Even now, those two months last year remain a constant frame of reference. Scioscia cited the run before the game, saying he hoped Shoemaker could recapture it. Asked what went right Friday night, Shoemaker used the same ambiguously powerful word he did to explain himself last summer: intent.
He was asked where that intent went earlier this season.
“I wish I knew the answer to why we get away from that as players,” he said. “Me, especially. There’s no reason. Sometimes, we just go about our business being passive. It’s tough to pinpoint, but the more you’re aggressive, the more you have the intent.

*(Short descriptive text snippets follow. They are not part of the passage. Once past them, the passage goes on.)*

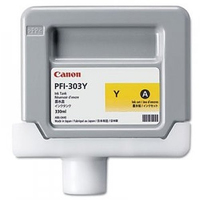 Canon PFI-303Y cartucho de tinta Original Amarillo
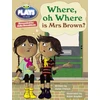 KNYGA Vivian French Bug Club Guided Julia Donaldson Plays Year Two Turquoise Where Oh Where is Mrs Brown?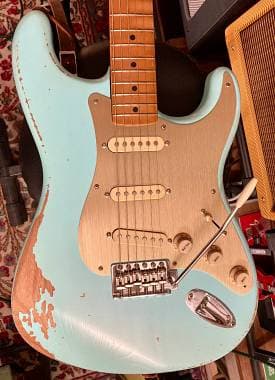Body/corpo Stratocaster relic road worn frassino
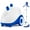 WHITE, variant on JONPONY Standing Garment Steamer 1500W, Professional Wrinkle Remover with 1.7L Water Tank for 55 Min Continuous Steaming, Heats in 45 Seconds, Height Adjustable with Roll Wheels, Black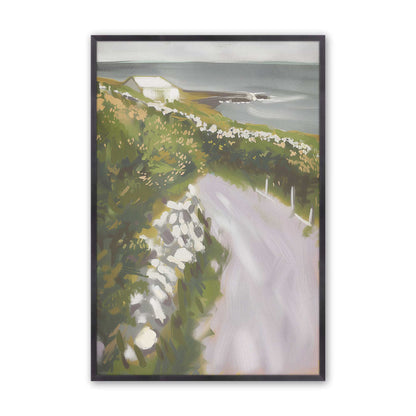 [Color:Weathered Zinc], Picture of art in a Weathered Zinc frame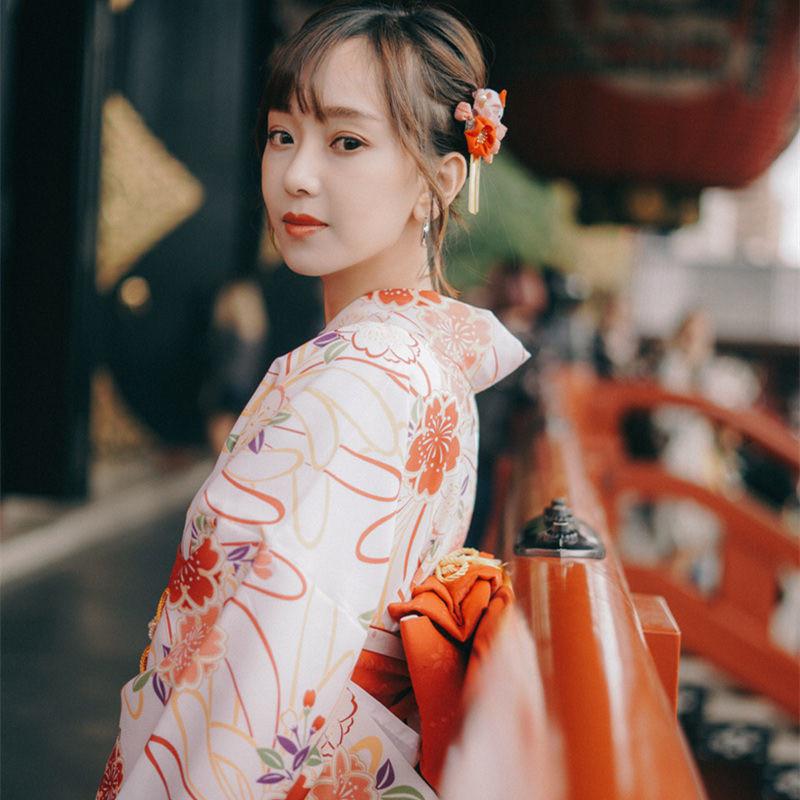 Robe Traditionnelle Kimono
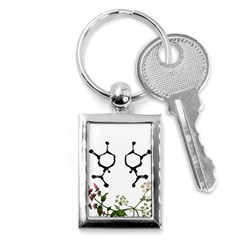 Chirality Key Chain (rectangle) by Limerence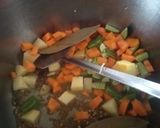 A picture of step 3 of Comfort food-- Vegetable Khichdi.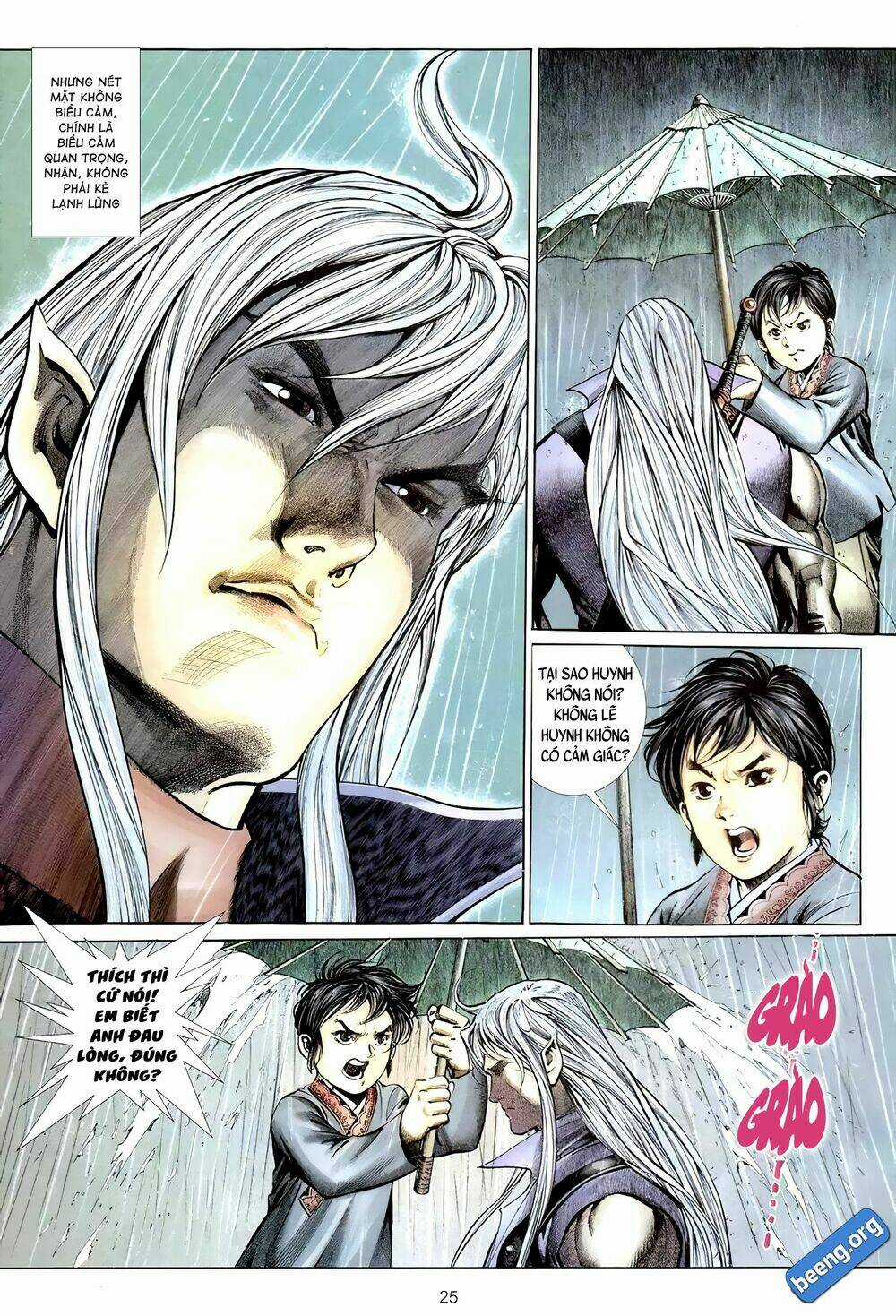 Huyễn Ma Chi Chiến - Chapter 4 - Trang 8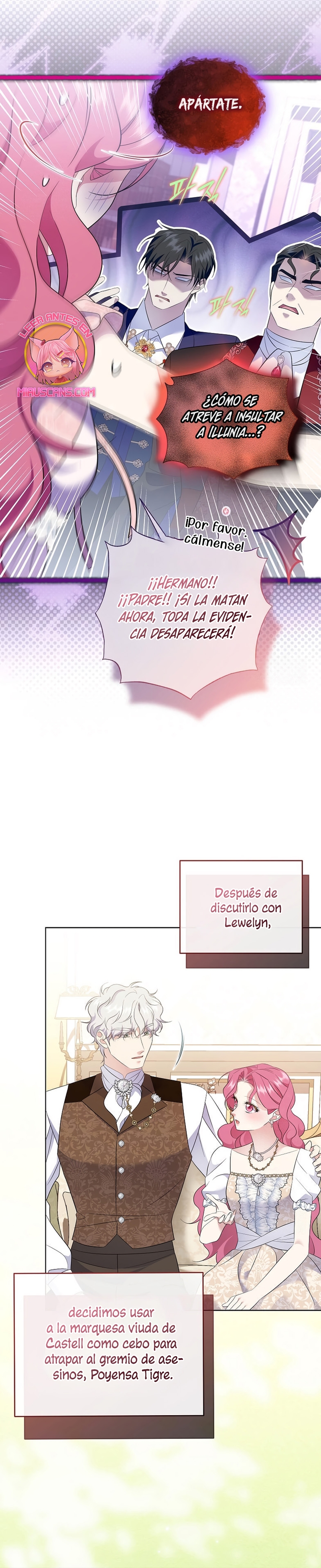 Atrapada por el protagonista obsesivo Capítulo 36 - Page 23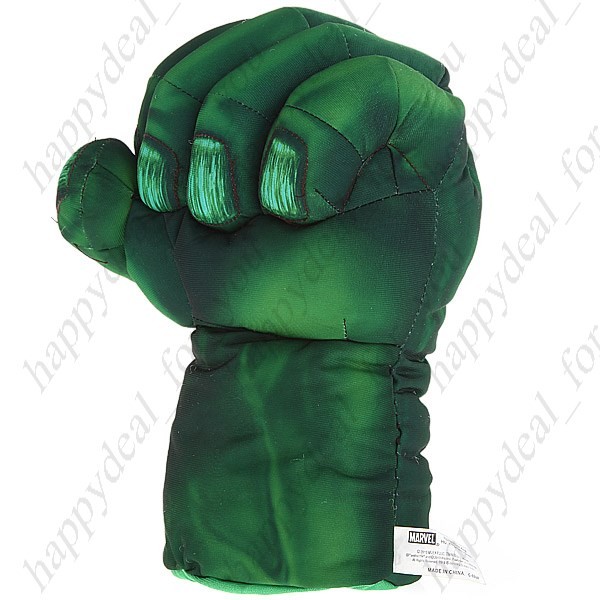 Incredible green Giant Hulk Smash Fist Hands Soft Boxing Glove Hit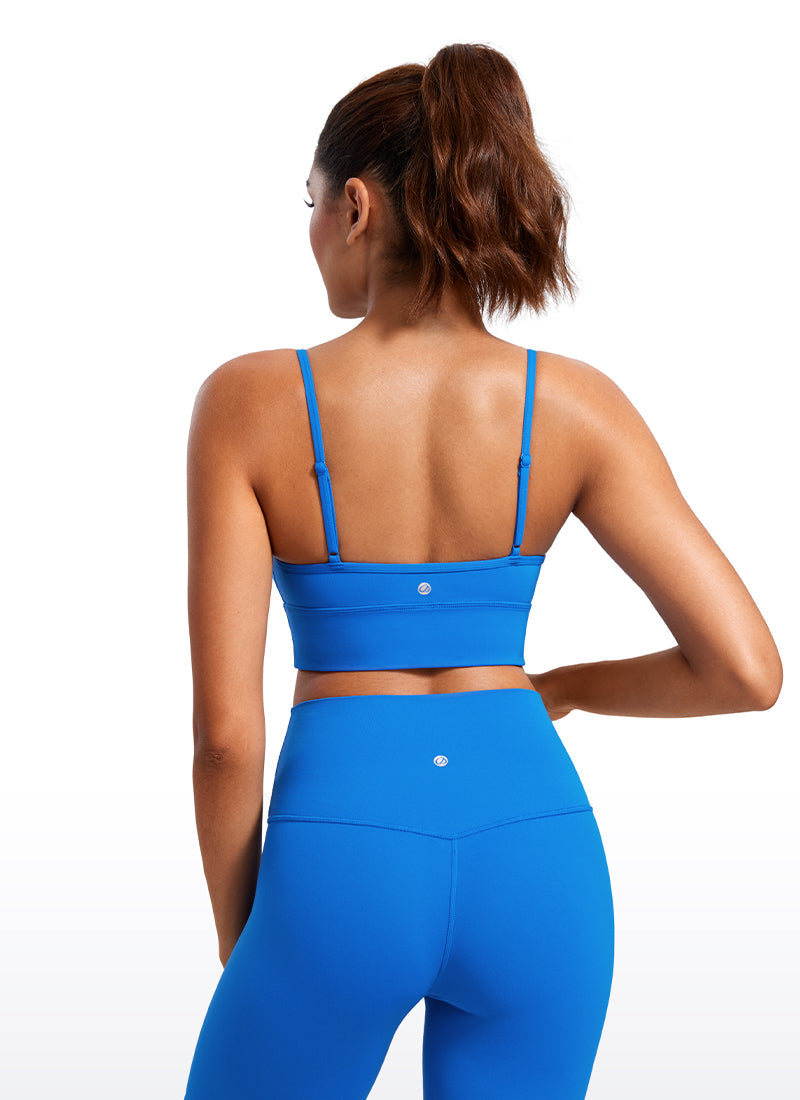 Butterluxe V Neck Longline Sports Bra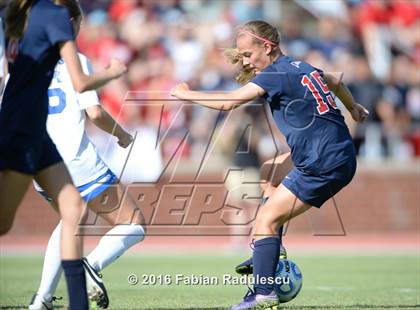 Thumbnail 1 in Franklin Academy vs. Community School of Davidson (NCHSAA 1A Final) photogallery.
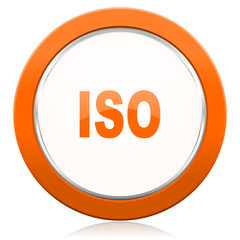 iso orange icon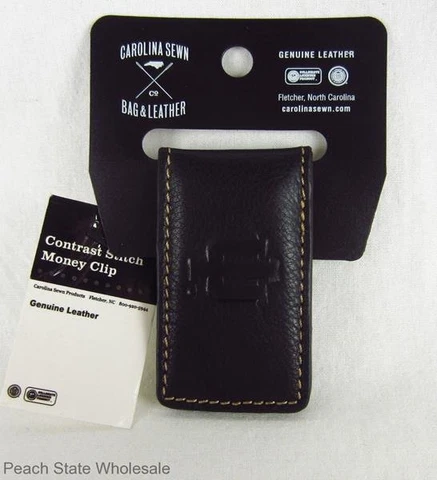 Indiana NCAA Genuine Leather  Money Clip NWT Cover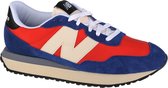 New Balance MS237AC, Mannen, Rood, Sneakers, maat: 42,5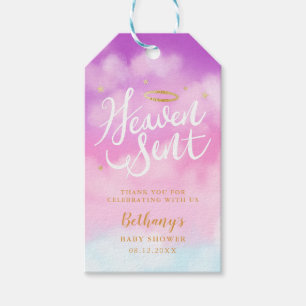 Himmel gesendete Babyparty-Bevorzugung Geschenkanhänger
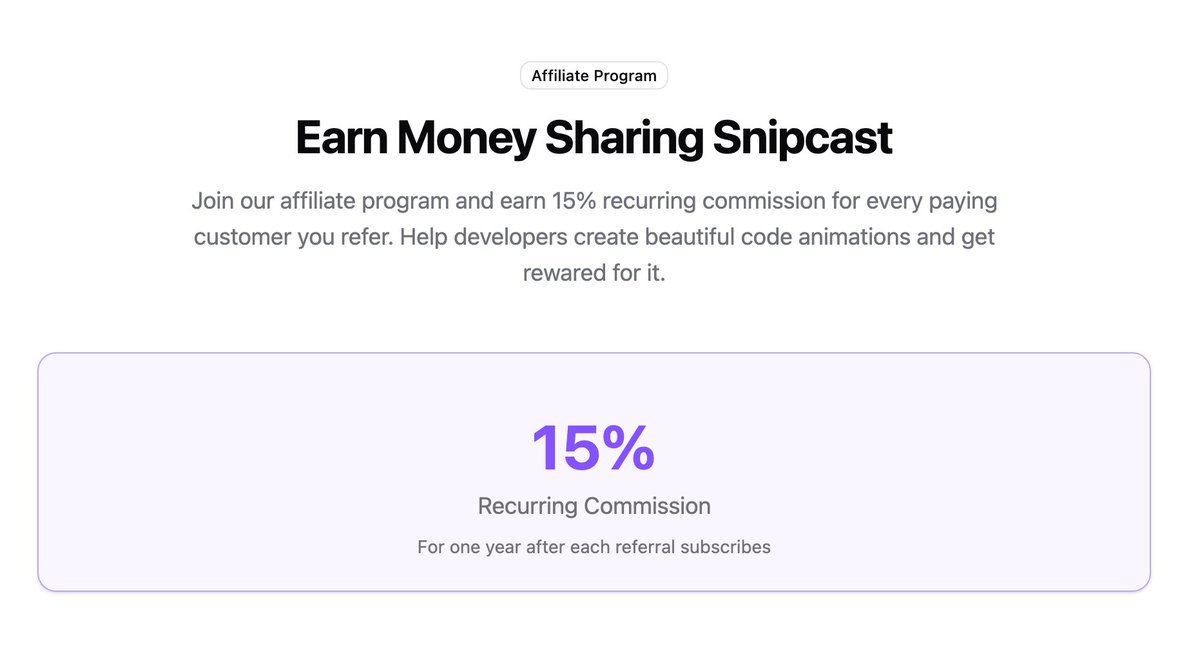 SnipCast tweet media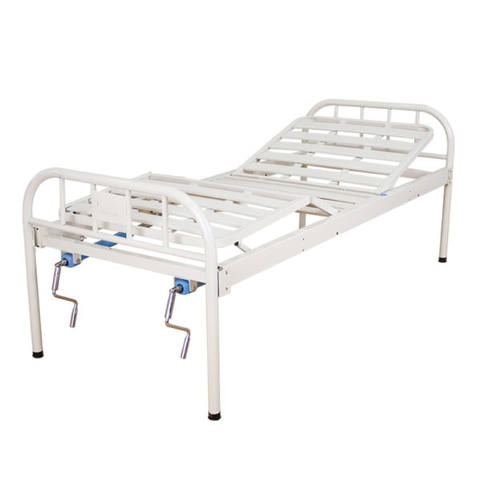 GIƯỜNG Y TẾ ĐIỀU CHỈNH BẰNG TAY HAI CHỨC NĂNG - ZK24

“I just like that word, intent. That’s why I keep using it.”
For the night, Shoemaker struck out seven and allowed only four baserunners. He had thrown 94 pitches through six innings, but the Angels already led by five. So Scioscia pulled him in favor of Blake Parker and also received scoreless relief from veteran David Hernandez and rookie Keynan Middleton.
The Angels, too, loaded the bases without an out in the second inning and did little with it. But they managed one run, to tack on to Luis Valbuena’s solo shot that began that inning. They added a run in the fourth, on a single and double interspersed with groundouts, a run in the fifth on two singles and an error, and a run in the sixth on a double, a bunt and a single.
Well-paid Tigers starter Jordan Zimmermann, not long ago a fringe ace, has this season proven incapable of lasting deep into games. The Angels kept that going, punishing him for 10 hits and three walks in 5 1/3 innings while striking out just twice. They did it again against well-paid Tigers reliever Anibal Sanchez in the eighth, collecting three hits and two runs on Mike Trout’s 430-foot shot to center field.
Trout nearly finished 0 for 4 for the second consecutive night, since his extended absence because of a tight left hamstring. He had not gone 0 for 4 on consecutive days since the first two games of 2016, but he avoided that by clobbering a two-run home run with two outs in the Angels’ half of the eighth.
The Angels (18-20) had not won a game by more than five runs all season, so Friday counted as a clobbering, too.